Table 1: Reduction of number of bits.

[^y]	SD₂	SD₁	SD₀	SD_-1
[m₂,H]	+	+	+	x	q = 2 if (SD₂,SD₁) = (+,+)
[m₁,m₂)	-	+	+	x	q = 1 if (SD₂,SD₁) = (-,+)
[m₀,m₁)	x	-	+	x	q = 0 if (SD₁,SD₀) = (-,+)
[m_-1,m₀)	x	-	-	+	q = -1 if (SD₀,SD_-1) = (-,+)
[L,m-1)	x	-	-	-	q = -2 if (SD₀,SD_-1) = (-,-)

[^y]-m_k	[m₁-m₂,	[L-m₁,	[L-m₀,	[L-m_-1,
	H-m₂]	H-m₁]	H-m₀]	m₀-m_-1]
max(\|[^y]-m_k\|)	1.25	3.25	3.125	1.312
Integer bits	2	3	3	2

Considering the most positive and most negative values (not dont cares) we determine the maximum magnitudes of [^y]-m_k. The corresponding values are given in the table (see details in [9]) together with the required number of integer bits.

With respect ot the number of fractional bits:

For [^y]-m₂, four bits are required because m₂ can take the value 15/16.
For [^y]-m₁, it might be possible to use three bits, because all m₁ are multiples of 1/8. However, this requires the use of t = 3 so it is necessary to determine whether constants which are multiples of 1/8 are still possible for t = 3. As described in [9], only for [^d] = 8/16 this is not possible; however this can be solved by adding 1/16 to the corresponding rw[j] and this addition can be achieved by augmenting the constant m₁ by 1/16 for that value of [^d].
For [^y]-m₀ also 3 fractional bits can be used since all m₀ are multiples of 1/8. Again this requires the addition of 1/16 to the constant m₀ for [^d] = 8/16.
For [^y]-m_-1 four fractional bits are needed because m_-1 can take the value -15/16.
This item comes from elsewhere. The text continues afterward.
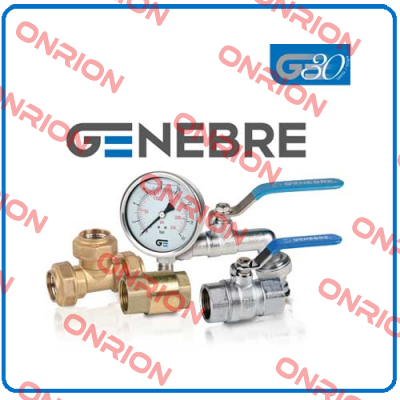 2954 09 (pack x10) Genebre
Table 2: Reduced number of bits.

k	-1	0	1	2

Integer + fractional= total	2+4=6	3+3=6	3+3=6	2+4=6

In summary, Table 2 gives the required number of integer and fractional bits of [^y]-m_k.

2.2 Implementation of the quotient-digit selection

The quotient-digit selection of this implementation (for radix-4) is shown in Figure 3. Note that the first subtraction does not depend on q_j, which is advantageous for the timing of the recurrence. As discussed in Section 3, the advancement of the subtraction is combined with an optimal placement of the registers to achieve the minimum cycle time.

Figure 3: Proposed q-selection implementation.

3 Timing and Complete Algorithm

3.1 Timing

The iterations described in the previous section are executed either by a combinational network (if all iterations are unfolded) or by a sequential system, in which a part is executed each cycle. We consider this second approach, for the case where one iteration is performed per cycle.

The corresponding sequential system requires the introduction of registers that store the state between cycles. The placement of these registers has an effect on the minimum cycle time and on the area and energy of the implementation. We describe now a method to analyze the cycle time for the particular algorithm of the previous section.

The process begins with a dependency graph of the algorithm. In Figure 4(a) we show this graph for two iterations⁶, so that we can place the registers that define a complete cycle. We place registers in both iterations, but the corresponding registers of both iterations are implemented as a single register in the sequential system. To simplify the description of the analysis, we label the nodes A to F, resulting in the graph of Figure 4(b).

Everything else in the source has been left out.